Search is getting personal, visual, and AI-led. This checklist shows you where customers find you now, and where you go missing. Work through it in an afternoon.
Getting found on Google is no longer about one ranking. A customer might meet your business in a map, a review, an AI answer, or a photo they snap with their phone. Miss those spots and you stay invisible, even with a decent website.
Use the ten checks below. Score each one: yes, sort of, or no. Your “no” answers are your to-do list.
1. Non-brand visibility
Can a customer find you before they know your name?
Search your main service plus your town, the way a stranger would. “Emergency electrician Leeds.” If you are nowhere on page one of the map or the links, this is your first job.

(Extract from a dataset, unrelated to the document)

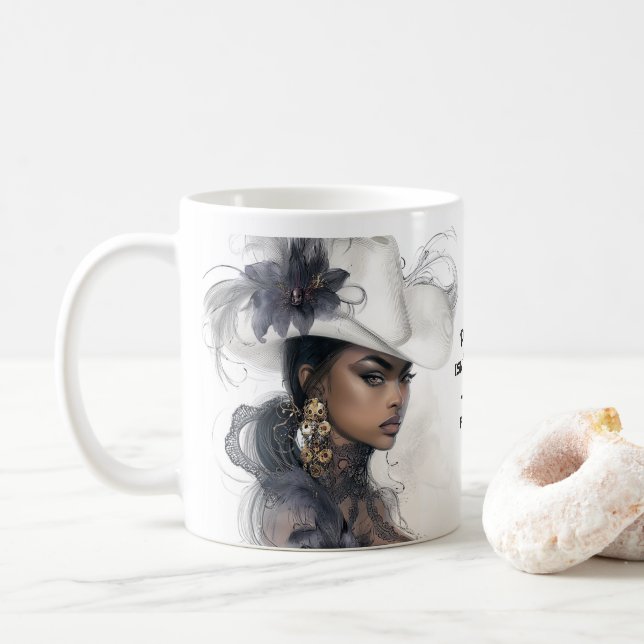 Caneca De Café O poder não está alto — está posicionado (Com Donut)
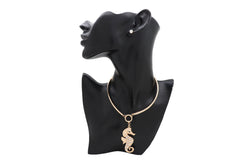 Brand New Women’s Ocean Seahorse Choker Necklace Set, Gold Tone Collar Jewelry With Rhinestone Style Charm And Small Stud Earring - WN15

Check: You appear when people search the problem, not just your business name.
2. Branded demand
Do people search for you by name?
Branded searches are a strong sign of trust. Google now splits branded and non-branded searches for you inside Search Console, so you can watch this grow.
Check: Your branded searches are climbing month on month.
3. Clear service pages
Does each service have its own page?
One page that lists everything you do is weak. Separate pages for “boiler repair,” “bathroom installation,” and so on give Google and customers a clear answer.
Check: Every core service has a dedicated, detailed page.
4. Local visibility
Is your Google Business Profile working hard?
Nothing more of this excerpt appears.